(Records for the exercise)
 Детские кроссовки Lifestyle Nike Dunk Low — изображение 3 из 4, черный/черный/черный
(End Records for the exercise)
(Records for the exercise)
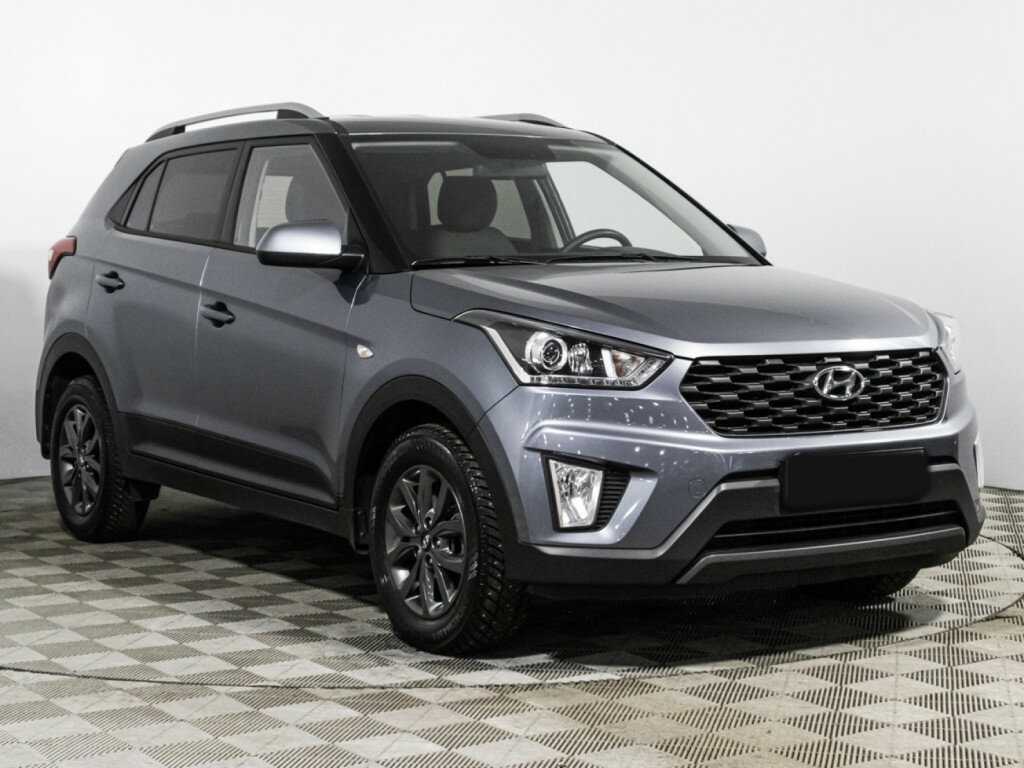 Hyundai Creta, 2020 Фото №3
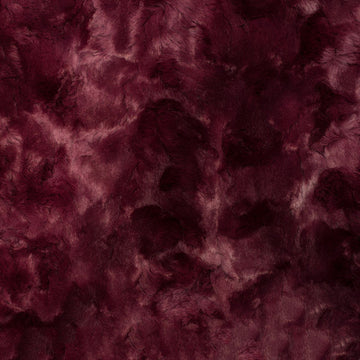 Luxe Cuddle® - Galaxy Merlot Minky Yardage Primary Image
(End Records for the exercise)
(Records for the exercise)
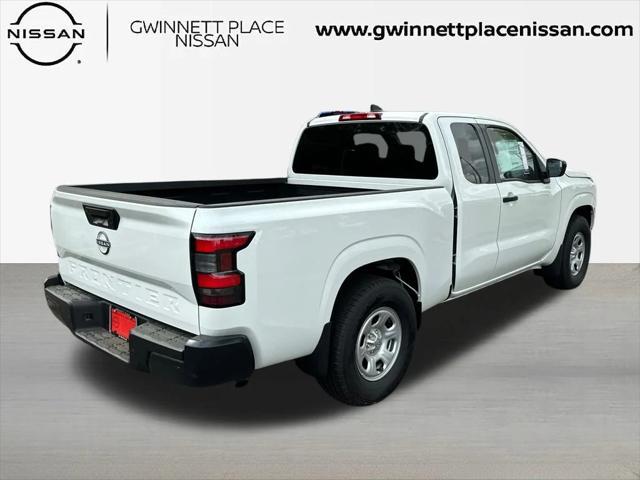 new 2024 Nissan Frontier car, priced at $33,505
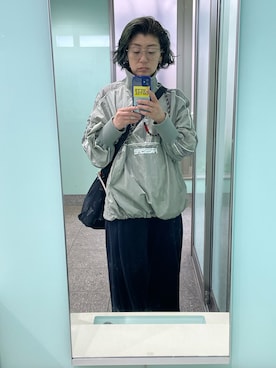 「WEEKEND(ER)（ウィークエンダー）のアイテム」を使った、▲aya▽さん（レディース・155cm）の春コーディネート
(End Records for the exercise)
> [Exercise details] An exact copy of the lines above from the one with "Hyundai Creta, 2020 Фото №3" up to and including the one with "Luxe Cuddle® - Galaxy" is required; reproduce only those lines, omitting all pictures.

> [Result below]
 Hyundai Creta, 2020 Фото №3
 Luxe Cuddle® - Galaxy Merlot Minky Yardage Primary Image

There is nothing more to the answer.